In non-EIAC patients (600 mg/day), the observed steady-state plasma imatinib concentration (mean, 2513 ng/ml, 95% CI 1831, 3195) did exceed that which is considered nominal for efficacy in CML patients (1099 ng/ml) treated with 400 mg/D [25]. However it is important to note in the CML study, CNS relapse rate was 20%, and mean CSF concentration (0.088 ± 0.029 micromoles) was below that necessary to inhibit BCR-ABL [25].

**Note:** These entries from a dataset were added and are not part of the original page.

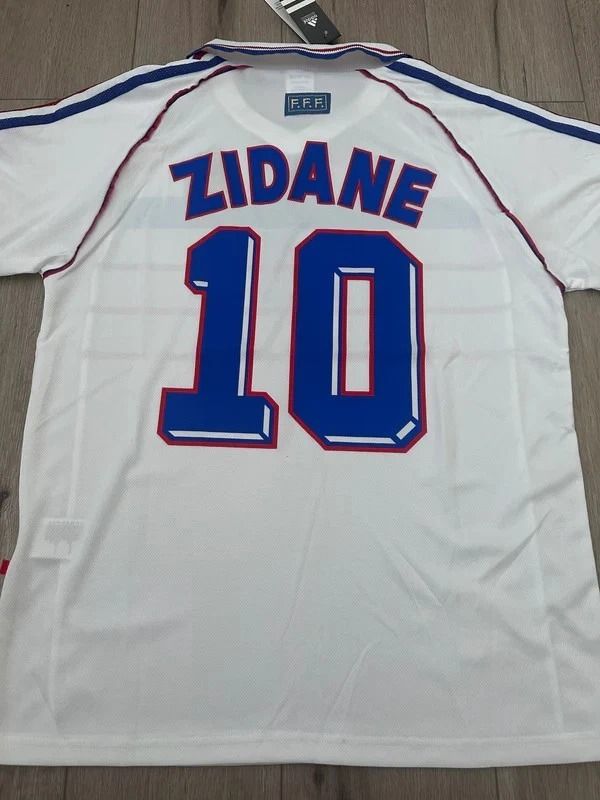 France 1998 Away Shirt (White / Blue / Red)_3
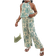 Shein 2pcs Tween Girl Vacation Basic Halter Blouse + Wide-Leg 3/4 Pants Floral Woven Set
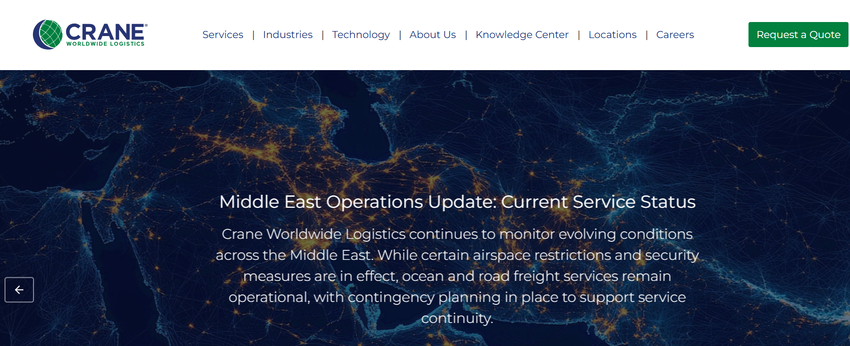 Crane Worldwide Logistics Logo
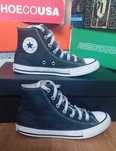 Converse Chuck Taylor All Star czarne wysokie trampki klasyk vintage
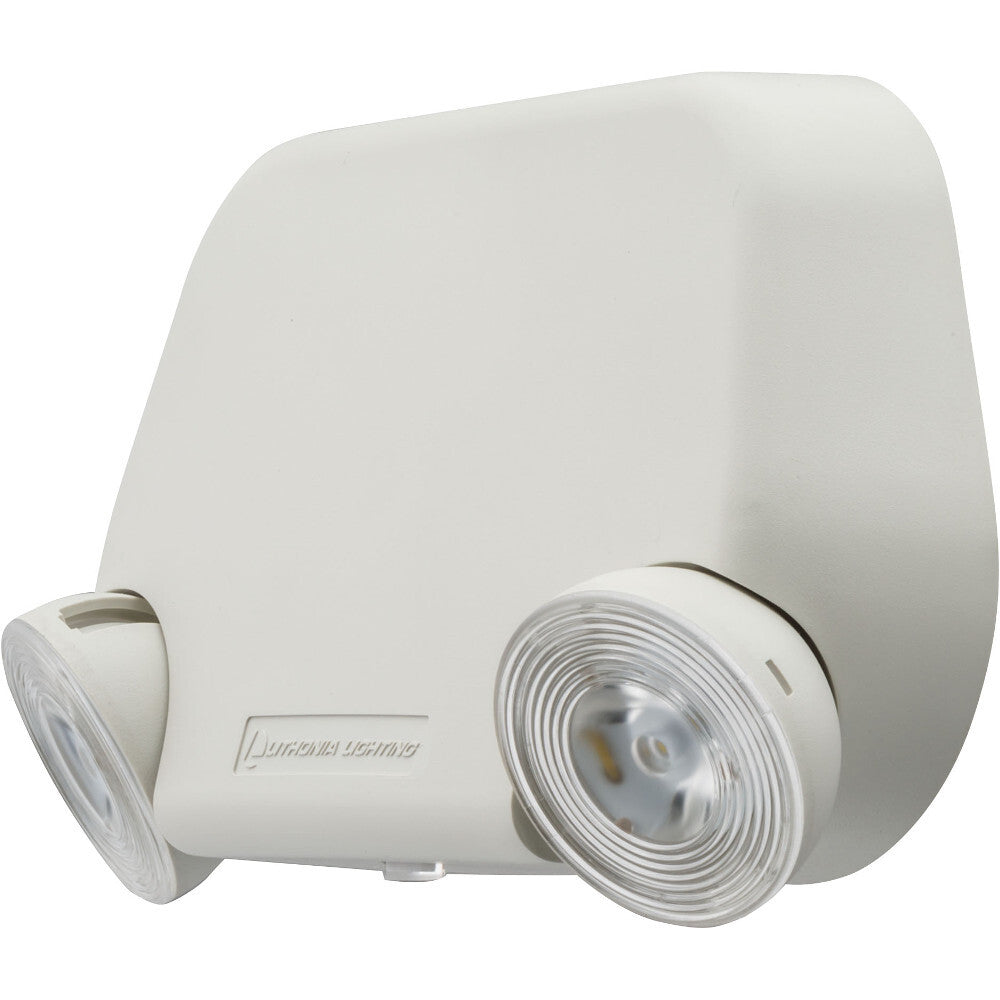 LAMP. EMERGENCIA DUAL 120/277V. BLANCO MARFIL EU2C M12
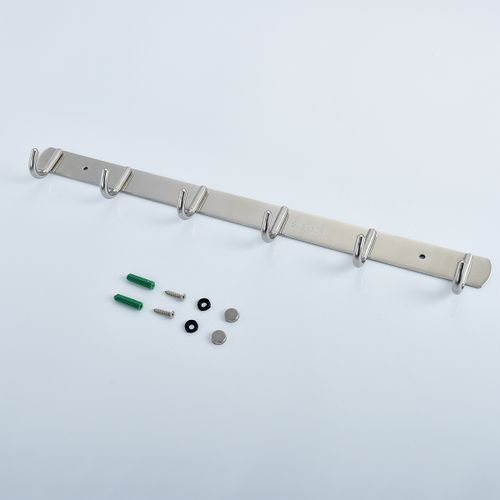 Stainless Steel Self Adhesive Coat/Towel Hook Rack Rail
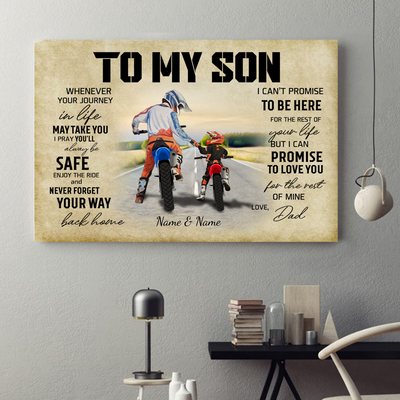 89Customized Dad And Son Motocross Personalized Personalized Poster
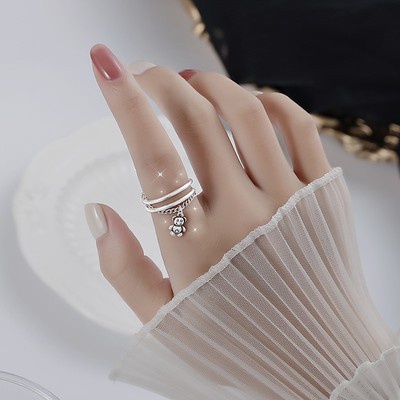 Nhẫn Hở Hình Gấu Đơn Giản Thời Trang Cá Tính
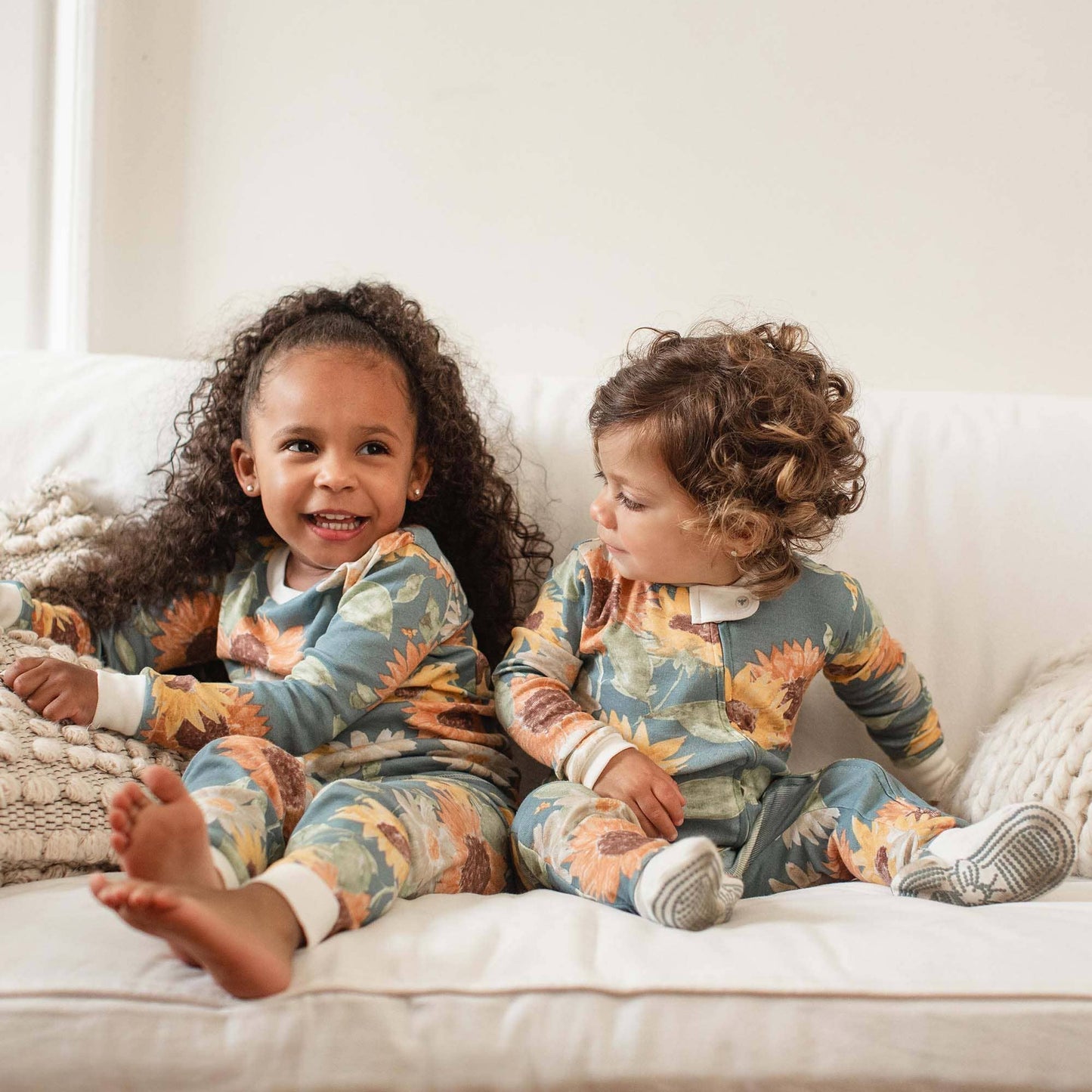 Sunflowers Infant PJ Set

Interestingly, the frequency of CNS hemorrhage (9.5%) was higher in our population than previously reported ( ≤ 1.5%) for imatinib-treated astrocytoma patients [19,20,21,22,23] Although the reasons are unclear, oligodendrogliomas are relatively vascular tumors, and CNS hemorrhage has repeatedly been reported in this population [26, 27].

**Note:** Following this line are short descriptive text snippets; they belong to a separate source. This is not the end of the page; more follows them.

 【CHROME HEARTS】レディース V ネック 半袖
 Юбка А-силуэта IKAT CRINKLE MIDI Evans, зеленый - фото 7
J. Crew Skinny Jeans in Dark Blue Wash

It is important to point out that N0272 was conducted prior to the current WHO 2016 criteria for diagnosis of oligodendroglioma, which now requires characteristic histologic features, 1p/19q codeletion, and IDH mutation [28] We recognize that our outcome results theoretically might vary from that which might be observed in a population defined by current WHO 2016 criteria, due to inclusion of non-1p/19q codeleted patients in the analysis. At the time of initiation of N0272, 1p/19q codeletion was not required for eligibility. The authors recognize that potential imbalance for these parameters might have introduced bias, which may be pertinent to our observations of longer OS in our imatinib-treated patients versus our database controls.

Conclusion

In patients with recurrent oligodendroglial tumors, imatinib administered in this dose and schedule did not meet our pre-study threshold (PFS6) for success. Although a significant increase in median OS was observed in imatinib-treated patients compared with our NCCTG database controls, caveats are warranted given the limitations of historical database comparison. We can conclude that systemic administration of imatinib as a single agent in this dose and schedule to this cohort is unlikely to provide clinically relevant survival benefit. However, it is possible that genomic profiling might identify patients with upregulation of PDGF-related signaling events or other targets of imatinib, permitting enrichment of a population more likely to respond to treatment. Additionally, there is rationale for studies confirming entry of and target engagement by imatinib or other PDGF inhibitors in tumor tissue, or include a strategy to overcome limiting factors. Finally, given the modest adverse event profile of imatinib, there might be rationale for additional study of combination therapy (beyond hydroxyurea) in an enriched population.